Lecture 20

Today:

    1. Analysis of algorithms.

    2. Dynamic programming.

    3. P and NP

For next time:

    1. Finish Homework 10.

    2. Reading questions below.

    3. Prepare for a quiz.

Analysis of Algorithms

Instead of Sipser's Section 7.1, let's read Think Complexity, Chapter 3, just the first two sections.

Do Exercise 1.

Dynamic programming

Write a Python function that evaluates F, where F(0)=1, F(1)=1, and F(n) = F(n-1) + F(n-2).

Start with a naive recursive version. What is the run time of this algorithm as a function of n?

How many times does it evaluate F(0)?

Dynamic programming is a general technique for improving algorithms like this "exhibiting (1) the properties of overlapping subproblems which are only slightly smaller, and (2) optimal substructure [Wikipedia]"

Here's a way to sneak up on dynamic programming:

1) Write a recursive version of your function using a global list or dictiory to store previously-computed results. This technique is called "memoization".

2) Make a sequence of function calls to preload the cache. This limits the depth of the call stack.

3) Consider optimizing the data structure you use to store the cached results.

Reading questions

Sipser, pages 270-283.

1) Why is NP-completeness a useful concept?
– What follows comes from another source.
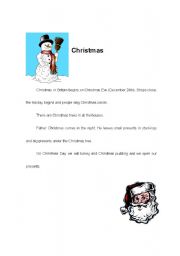 English worksheet: Christmas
2) If A is poly-time reducible to B, does that mean that if we can solve A in poly-time, then we can solve B in poly-time?

3) If 3SAT is poly-time reducible to CLIQUE, what does the function f(w) take as a parameter and what does it produce?

4) What are the two requirements for NP-completeness?

5) What's the hard way to prove that a problem is NP-complete? What's the easy (ok, easier :) way?

6) What do the rows of a tableau represent? What is an "accepting" tableau? What does it mean if there is an accepting tableau for machine N and input w?

7) If any NP machine can be reduced to SAT, what does the function f take as a parameter and what does it return?

8) What are the requirements of a legal tableau?

9) How does the generated formula (phi) check that the tableau is accepting?

10) Do exercise 7.5 on page 294, "Is the following formula satisfiable?"

11) Do exercise 7.6 on page 294, "Show that P is closed..."

12) Do problem 7.15 on page 295, "Show that NP is closed..." [Feel free to read the answer, but think about it first!]